Strategies should be built to be executed

The seeds of execution problems are planted early, often during strategy formulation. The lesson here is clear: the process of defining and designing the strategy cannot be seen as distinct from creating the plan to execute it.

Seek broad input when creating the strategy

Bill Treasurer, founder of Giant Leap Consulting in Atlanta, describes a phenomenon he calls executive asphyxiation: “The strategic plan is created by an executive inner sanctum. A group of higher-ups convene at a fancy off-site resort, spending too much time breathing their own hot air. When leaders make plans in a vacuum, they end up with no buy-in from the lower ranks.” With no upfront buy-in, your ability to execute at the unit level is DOA. Treasurer advises his clients to invite input on strategy from customers, employees, suppliers, and others who possess valuable perspectives on the company’s direction. Some firms even ask key customers to participate in a strategy formulation panel.

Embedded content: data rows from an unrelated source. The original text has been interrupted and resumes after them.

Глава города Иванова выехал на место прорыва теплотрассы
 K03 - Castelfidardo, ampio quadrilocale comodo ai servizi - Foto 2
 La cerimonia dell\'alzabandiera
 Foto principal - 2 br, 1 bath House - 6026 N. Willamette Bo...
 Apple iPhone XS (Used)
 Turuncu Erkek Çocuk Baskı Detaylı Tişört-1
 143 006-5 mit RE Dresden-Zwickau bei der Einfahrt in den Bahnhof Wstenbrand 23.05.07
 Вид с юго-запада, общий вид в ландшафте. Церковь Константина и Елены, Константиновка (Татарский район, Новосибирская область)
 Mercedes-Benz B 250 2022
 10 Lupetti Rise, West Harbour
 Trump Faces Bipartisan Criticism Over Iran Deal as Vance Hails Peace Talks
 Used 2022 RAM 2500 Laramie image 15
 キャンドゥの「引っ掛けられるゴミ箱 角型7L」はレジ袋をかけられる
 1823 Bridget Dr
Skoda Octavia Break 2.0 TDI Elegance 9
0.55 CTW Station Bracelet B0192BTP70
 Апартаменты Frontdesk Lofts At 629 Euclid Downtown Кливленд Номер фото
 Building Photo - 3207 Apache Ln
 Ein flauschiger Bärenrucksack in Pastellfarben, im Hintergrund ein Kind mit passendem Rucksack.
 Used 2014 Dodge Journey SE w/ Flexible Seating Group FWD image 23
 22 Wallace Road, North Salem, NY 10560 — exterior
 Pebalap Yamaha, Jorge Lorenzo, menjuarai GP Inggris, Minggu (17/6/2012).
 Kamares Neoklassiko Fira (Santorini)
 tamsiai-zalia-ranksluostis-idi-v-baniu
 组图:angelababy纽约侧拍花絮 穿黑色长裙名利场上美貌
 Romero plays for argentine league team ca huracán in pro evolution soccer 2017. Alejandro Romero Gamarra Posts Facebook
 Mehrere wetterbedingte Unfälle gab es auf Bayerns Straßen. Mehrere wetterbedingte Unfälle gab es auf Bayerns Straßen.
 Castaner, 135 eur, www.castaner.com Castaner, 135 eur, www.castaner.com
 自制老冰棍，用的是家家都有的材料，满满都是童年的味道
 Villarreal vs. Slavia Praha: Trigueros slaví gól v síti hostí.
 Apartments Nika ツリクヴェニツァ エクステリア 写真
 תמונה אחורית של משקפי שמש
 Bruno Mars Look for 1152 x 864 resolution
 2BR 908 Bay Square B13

At Boston-based publisher Addison-Wesley/Benjamin Cummings, the best strategies often “bubble up from work teams and frontline employees,” says vice president Karen Silverio. And when lower level players help plan strategy, they develop a sense of ownership of the implementation process. Consider the approach of UK-based IT services provider CODASciSys. “We’re considering growing our division and possibly acquiring a company to complement our strengths,” says CEO Graham Steinsberg. “We’re bringing managers together to clarify our vision of what the new entity resulting from this strategy should look like. Our managers have begun thinking as a team instead of obsessing about whether they’ll still have a job after an acquisition. If they feel they’re in the driver’s seat, they focus more on the company’s interests than their own.”

Define clear objectives, tasks, and accountabilities

Understanding and defining the link between high level strategy and strategic objectives—and the necessary lower-level supporting strategic objectives—is vital. “Your strategy should take a long-term view and serve as a source of inspiration,” saysC. Davis Fogg, author of Implementing Your Strategic Plan (AMACOM, 1999). “Your strategic objectives are shorter-term efforts to move you toward that long-term vision.” In the ideal scenario, the development of the strategy and the corresponding strategic objectives are part of a single, fluid process.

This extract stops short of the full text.